September 8, 2008
Some Righteous Bidding
A new eBay partnership presents a socially conscious way to shop
EBay, internet giant and seasoned purveyor of pop-culture collectibles, and World of Good , a start-up devoted to fair trade and ethical consumerism, have just partnered to create a new frontier for online shoppers. WorldofGood.com is the new online marketplace for ethically sourced and eco-friendly products, whose beta version launched on September 3. Featuring 15 product categories including bags, baskets, and musical instruments, the website is billed as the market “where your shopping shapes the world.”
WorldofGood.com adopts a more traditional market model than eBay’s groundbreaking auction style, in which sales transactions occur on a person-to-person basis and with little arbitration by the host company. Eschewing the auction model, WorldofGood.com features products at fixed prices drawn from over 70 countries worldwide. However, because it highlights socially conscious e-commerce, the site heralds consumer education as one of its primary organizing principles. In so doing, it still nods to the original ingenuity of the self-created marketplace that was eBay’s allure. EBay targets online shoppers with very specific motivations: self-selected consumers know what they want, and they seek self-elected buyers to supply it. That consumer demographic still thrives, apparently – it merely coalesces under different motivations, according to changing consumer trends. In a 2007 BBMG Conscious Consumer Report used as research for WorldofGood.com, 88 percent of American’s “self-identify” as “conscious” or “socially responsible” customers (To see this research applied, read the site’s “one-pager” PDF here).
In 2007, the uber-familiar eBay hosted nearly 200,000 auctions per month, according to the New York Times. Judging by its dramatic rise to fame, “self-identification” as defined in the BBMG report seems a critical component underlying the success of online, commercial marketplaces. The self-identified customer is the self-aware consumer. Web sites like WorldofGood.com provide expression and affirmation of those values. The market, in turn, becomes a vehicle for material acquisition and cultural validation.

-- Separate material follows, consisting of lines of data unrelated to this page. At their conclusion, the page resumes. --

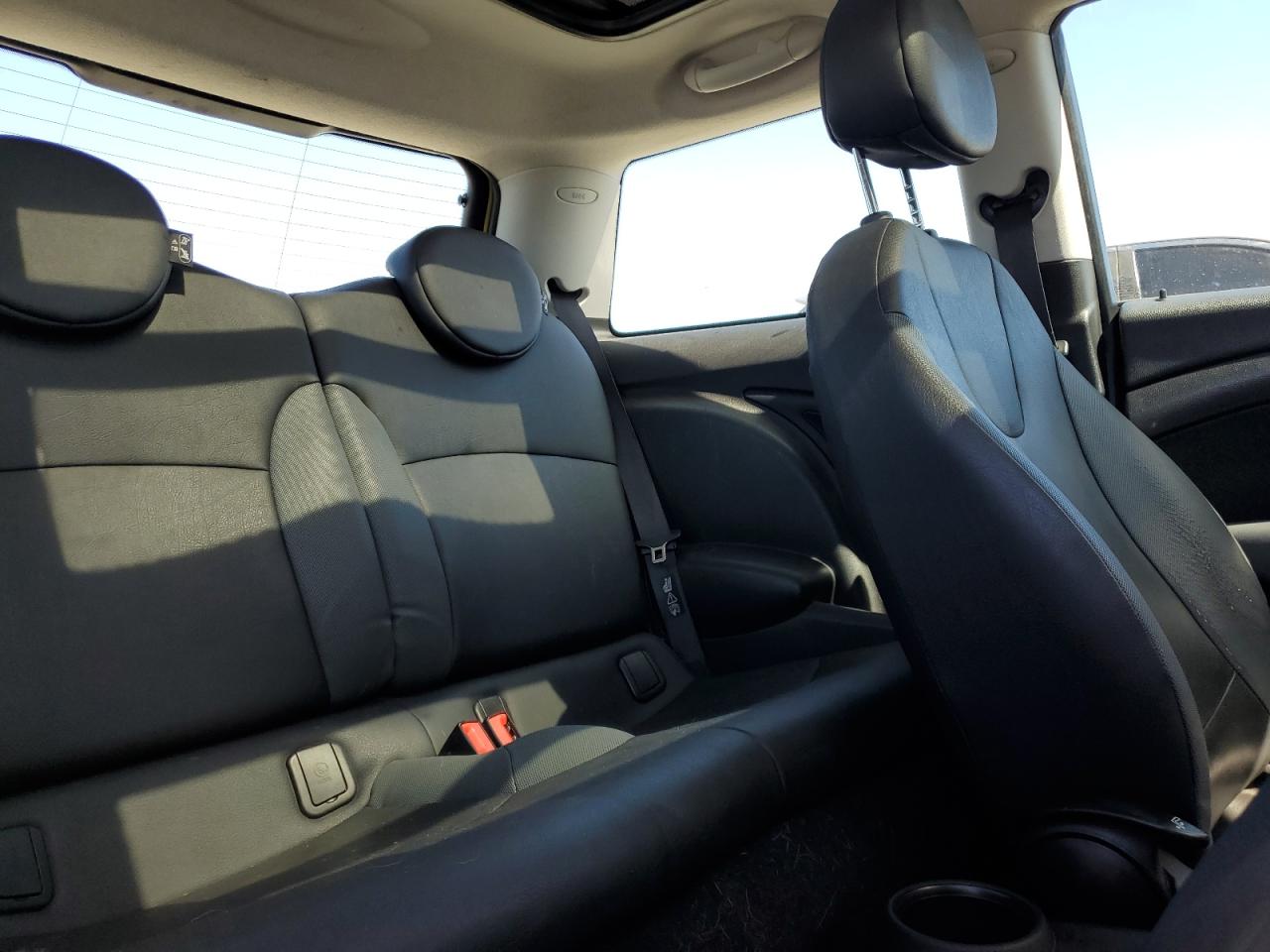 2010 MINI Cooper - Image 10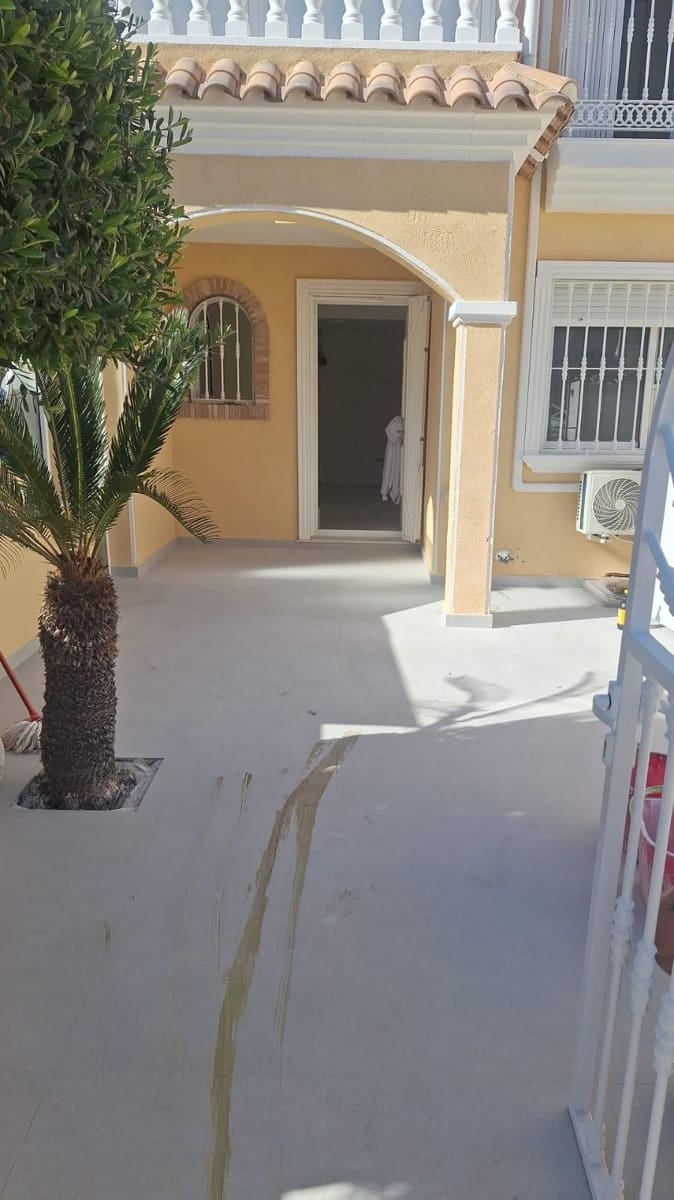 2 soverom Hus til salgs i Torrevieja med svømmebasseng garasje - € 199 600 (Ref: 9359283)
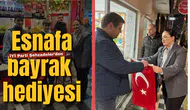 İYİ Parti Şehzadeler’den esnafa bayrak hediyesi!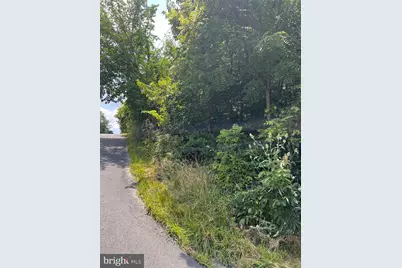 Beacon/Sunset, Strasburg, VA 22657 - Photo 1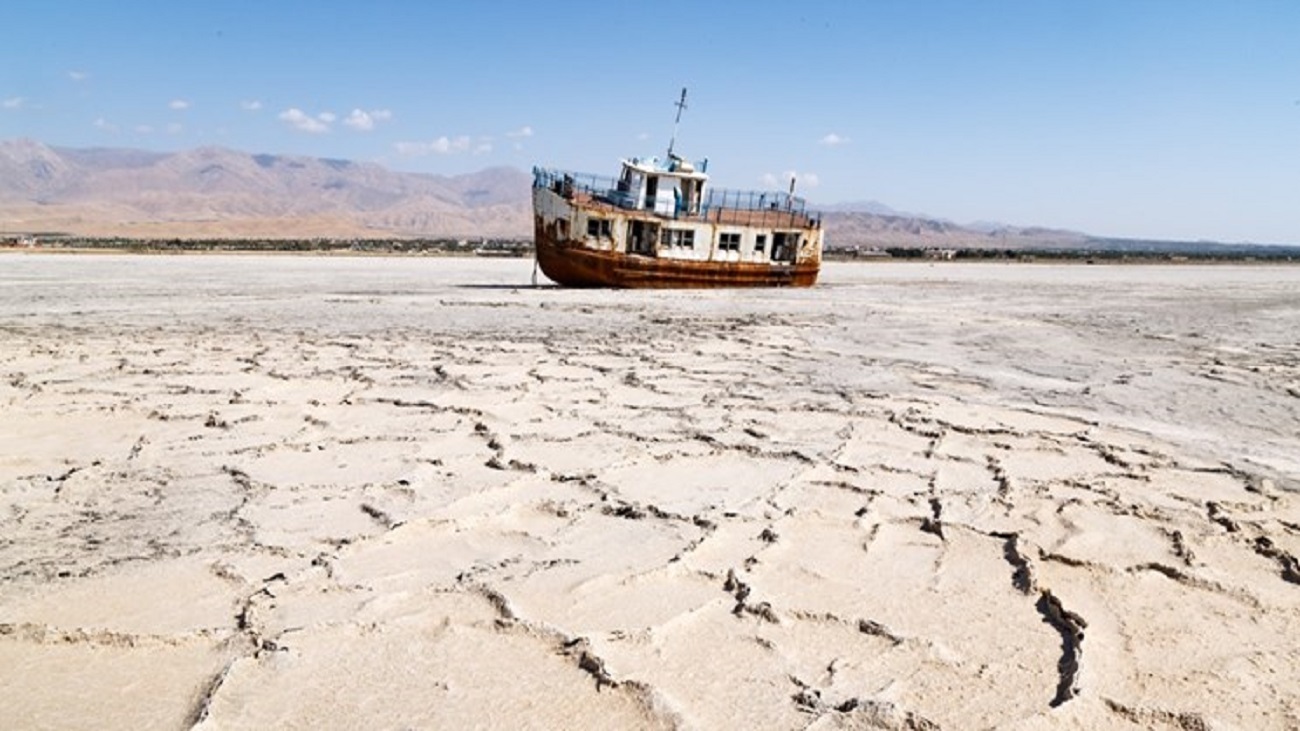 زمان وفا به عهد درباره دریاچه ارومیه رسید/ مسئولان با عمل به وعده تان از اتهام ترک فعل جلوگیری کنید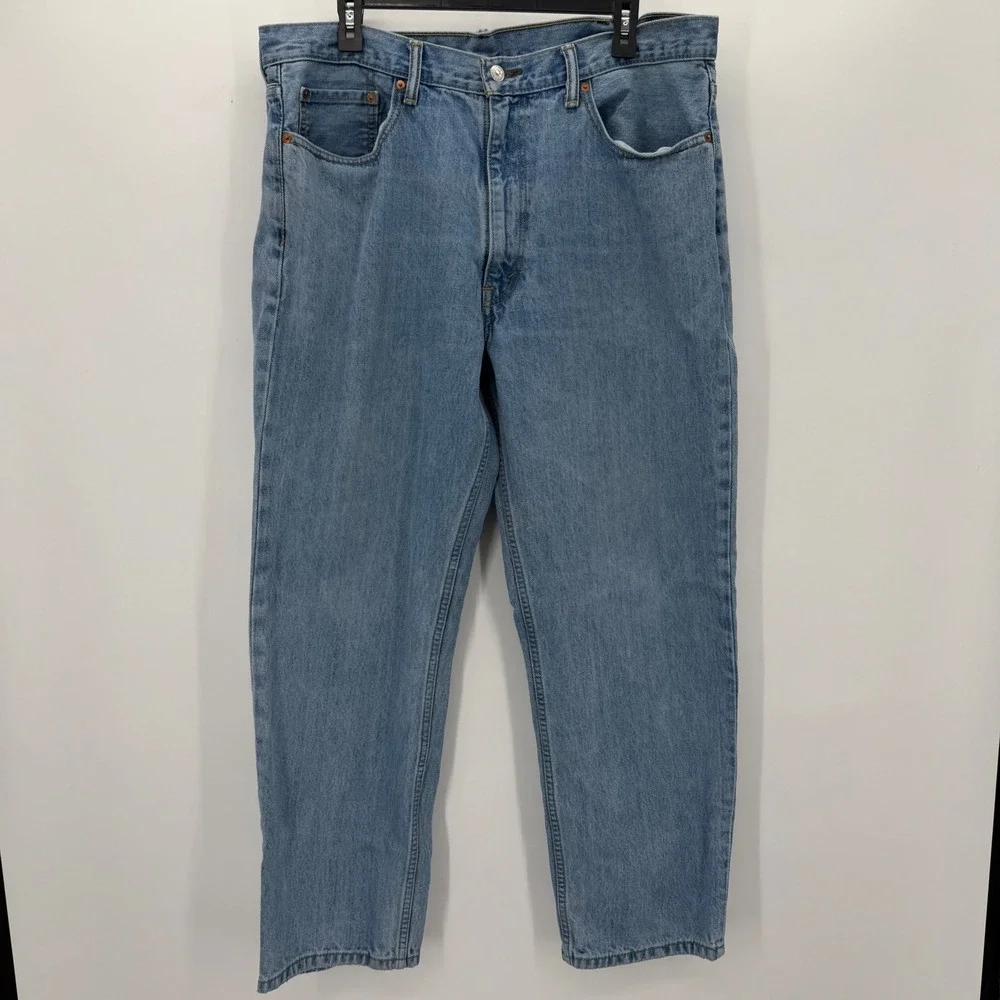 Levis levi 550
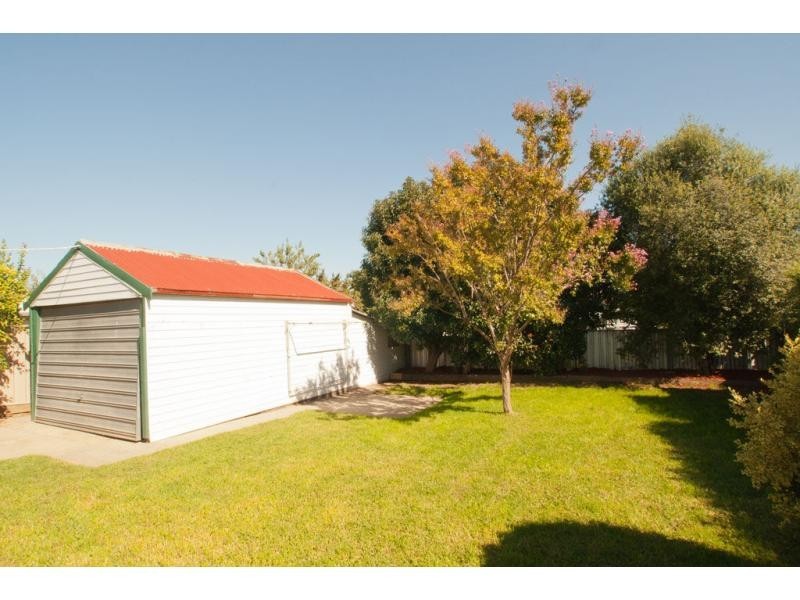 Flora Hill VIC 3550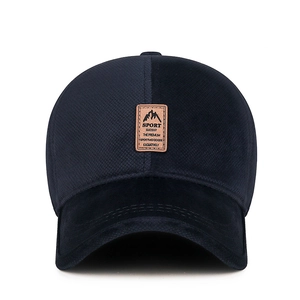 Winter thermal mountain sport baseball cap with ear protection and warm fleece lining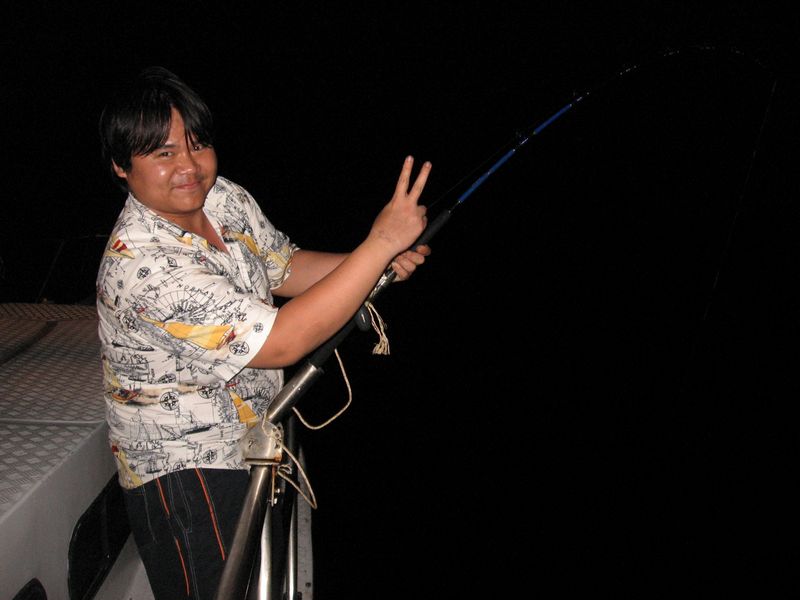 โดนเข้าซะแล้วข้างเรือ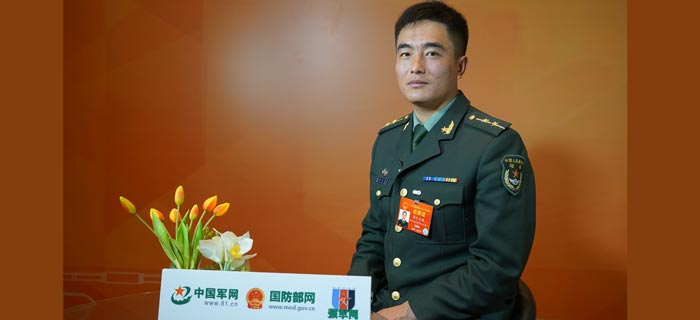 一秒见代表丨降巴克珠:人生是一场又一场的"精兵突击"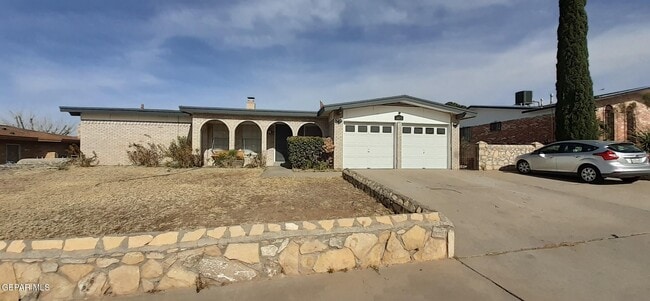 Building Photo - 6613 Southwind Dr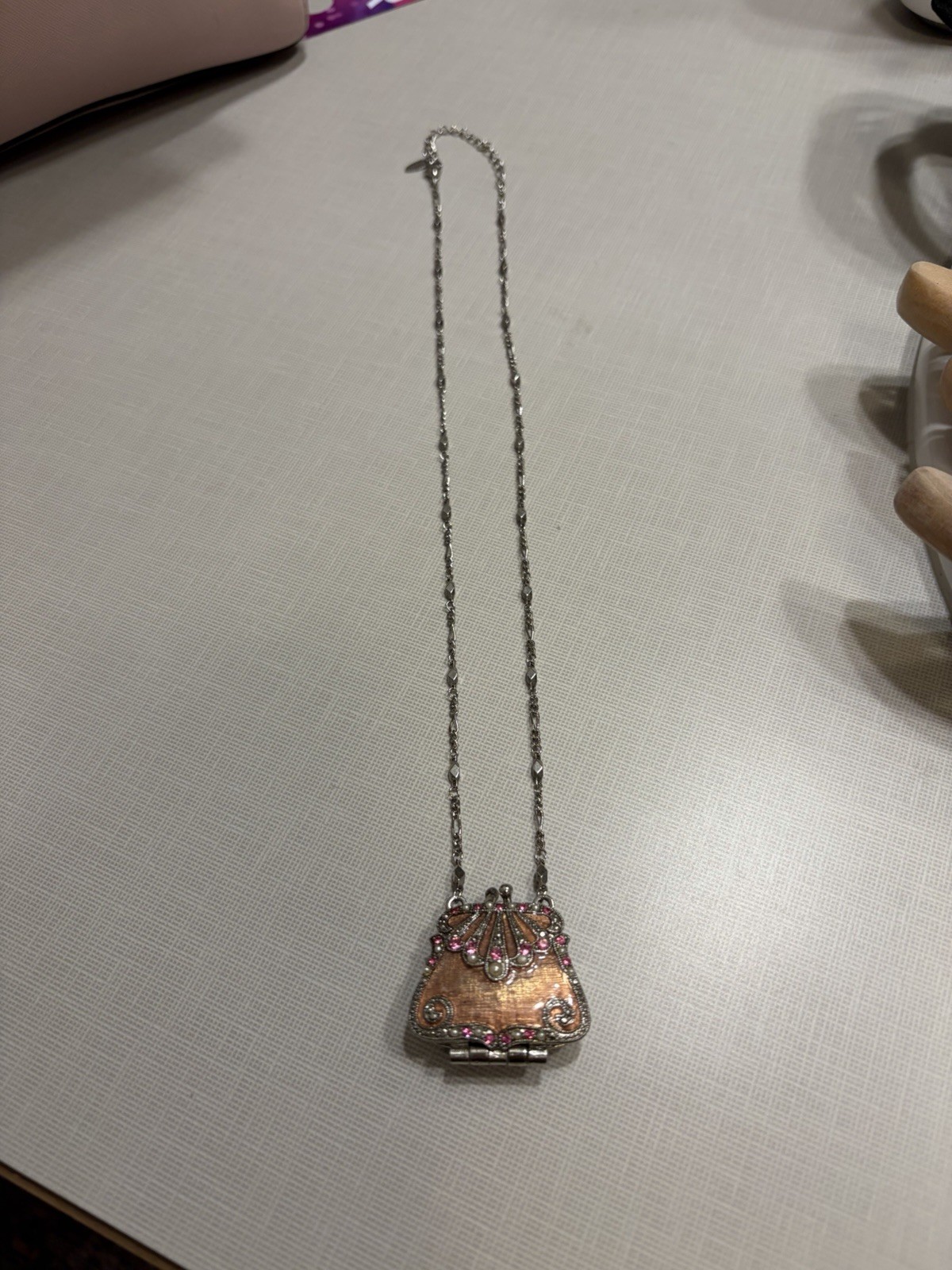 Nordstrom VCLM Signed Pearl & Rhinestone Mini Purse Figaro Chain Necklace 22”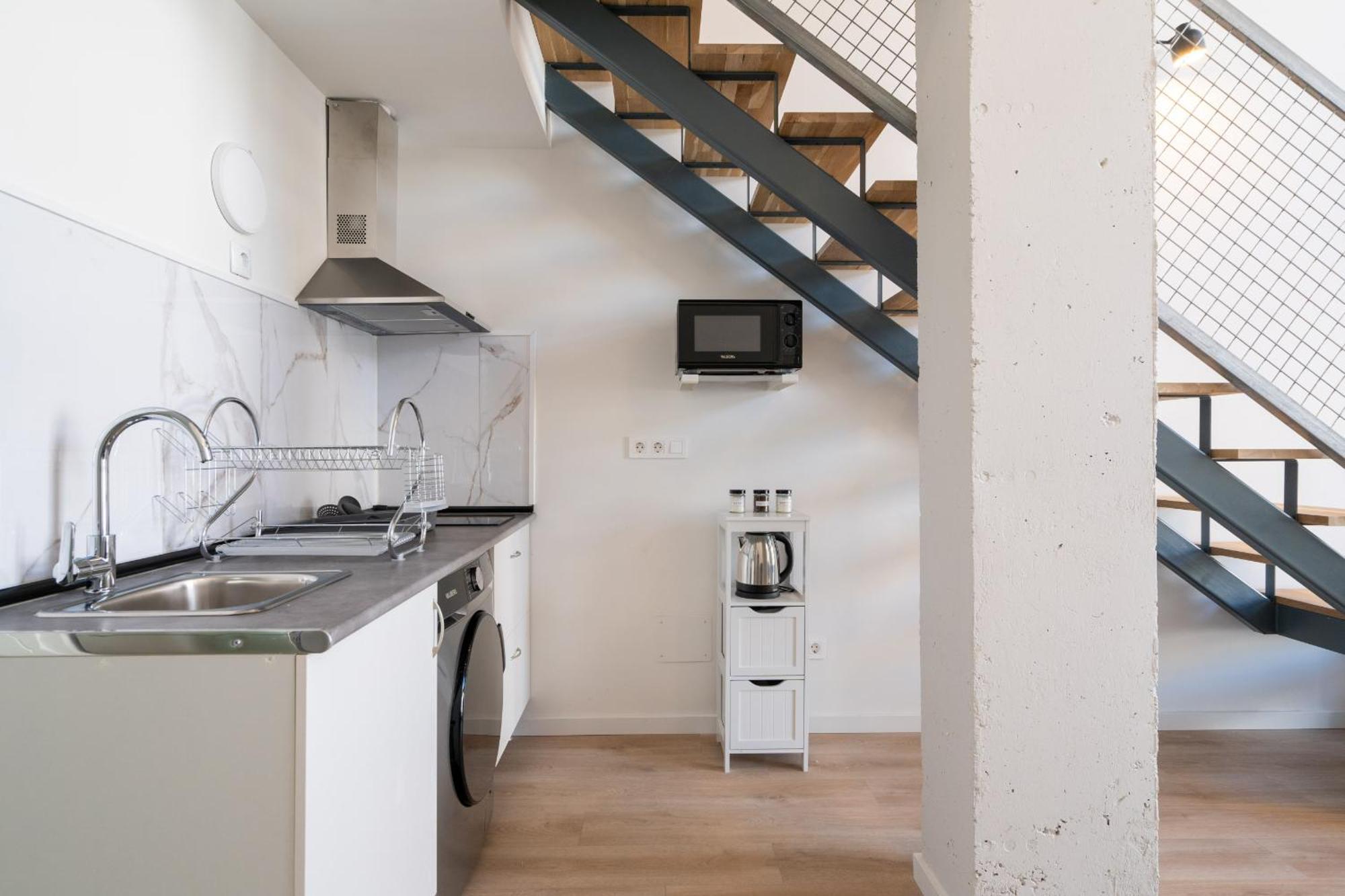 Loft Reformado Industrial Con Garaje Alquiler Temporal Appartement Madrid Buitenkant foto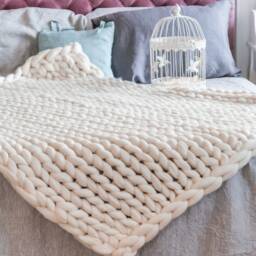 Soft Warm Chunky Knit Blanket, Fall Throw Blanket, Spring D??cor, 100% Merino Wool, Gift For Mom, Super Knitted Jumbo Throw - thumbnail 3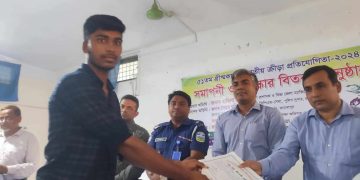 জামালপুরের মাদারগঞ্জে শিক্ষার্থী সজিব সাঁতার প্রতিযোগীতায় জেলায় প্রথম ।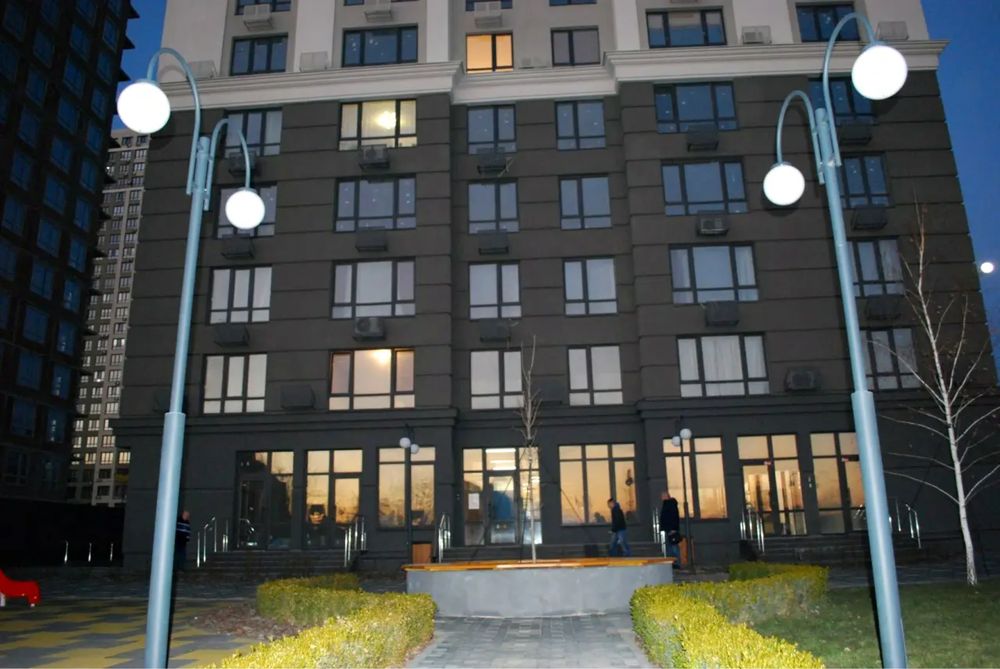 Є укриття ЖК Метрополія Камянська 6 метро Вирлиця оренда квартири студія + спальня + гардеробна є генератор в будинку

As one such vehicle with high-profile origins, WorldofGood.com will provide more parent authority to ensure that customers are continually reminded of their effort to affect social impact. “Trustology” is the website’s term for its system of transparency between buyer and seller. It draws on 25 “trust providers” such as Sustainable Furnishings Council, C.E.O. Women, and Aid to Artisans. These programs are the commercial analog to architecture’s exclusive LEED certification program and are meant to brand the “socially responsible shopping experience” with a respectable level of consistency. In the end, however, it will be up to the buyer to discern the true impact of purchasing power.